* **WHAT TO WORK ON**
Retype exactly the span of lines below from the one with "Framed Print : Fishermens" through the one with "a woman is holding". Do not include pictures.

··· INFORMATION SHOWN

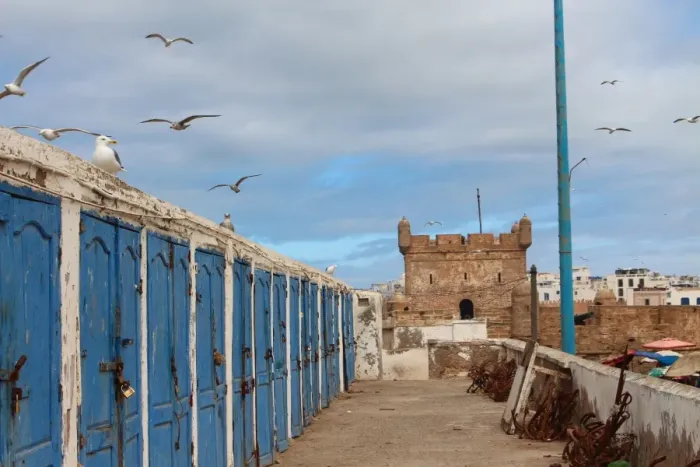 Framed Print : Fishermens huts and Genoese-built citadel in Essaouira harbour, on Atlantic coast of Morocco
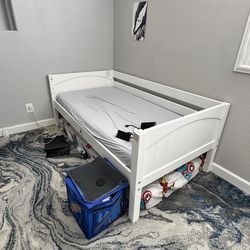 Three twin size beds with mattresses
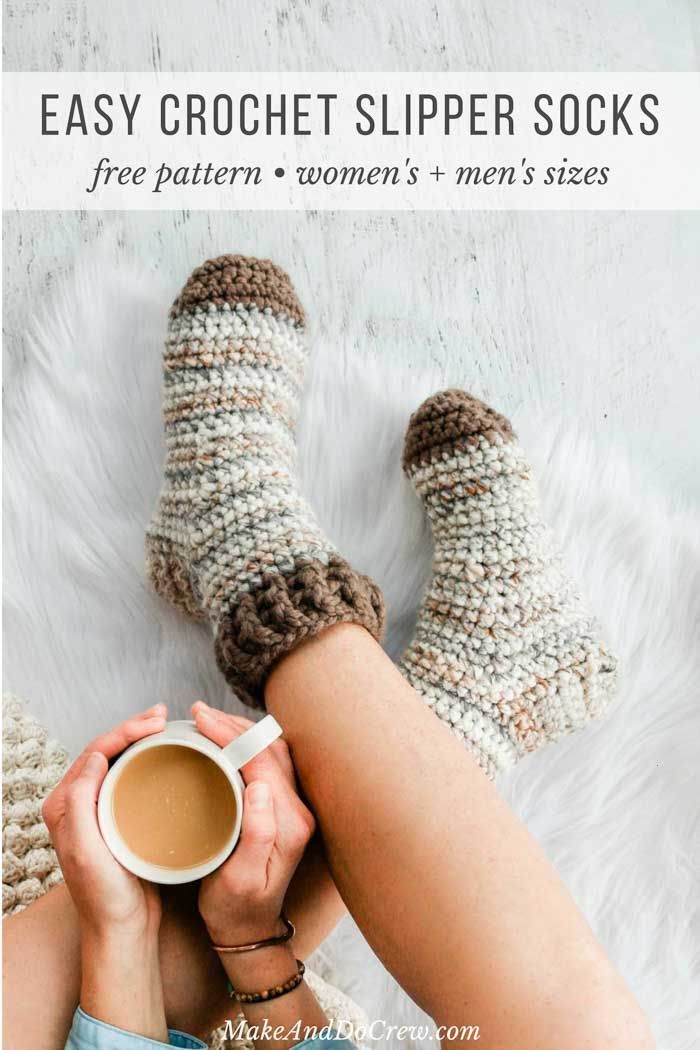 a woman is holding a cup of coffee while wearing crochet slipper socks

······
··· INFORMATION SHOWN

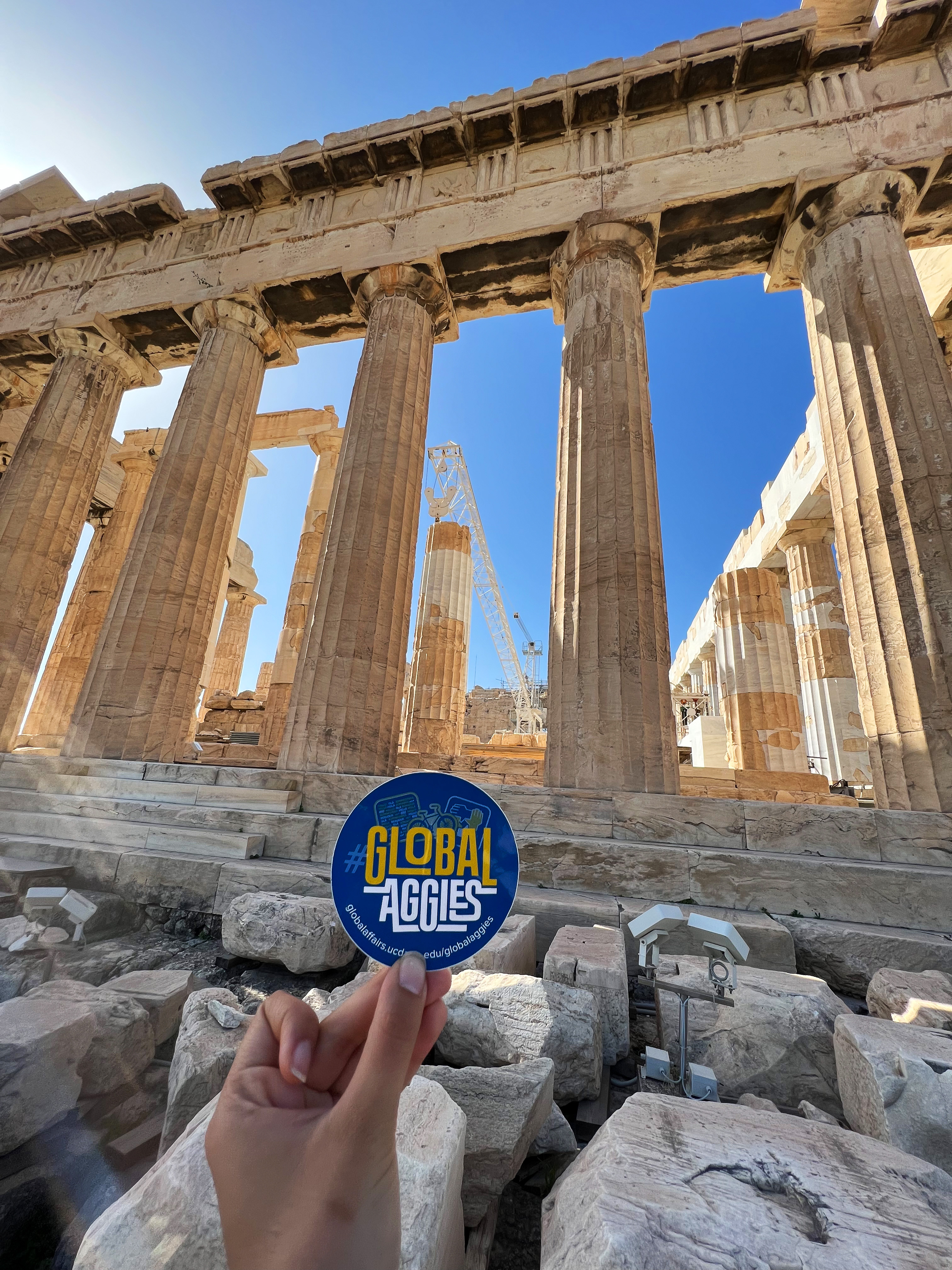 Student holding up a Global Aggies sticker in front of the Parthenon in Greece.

······
··· INFORMATION SHOWN

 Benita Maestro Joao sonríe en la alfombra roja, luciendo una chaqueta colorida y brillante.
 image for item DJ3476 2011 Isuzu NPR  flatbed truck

······

* **SOLUTION FOR THIS EXERCISE**
 Framed Print : Fishermens huts and Genoese-built citadel in Essaouira harbour, on Atlantic coast of Morocco
 Three twin size beds with mattresses
 a woman is holding a cup of coffee while wearing crochet slipper socks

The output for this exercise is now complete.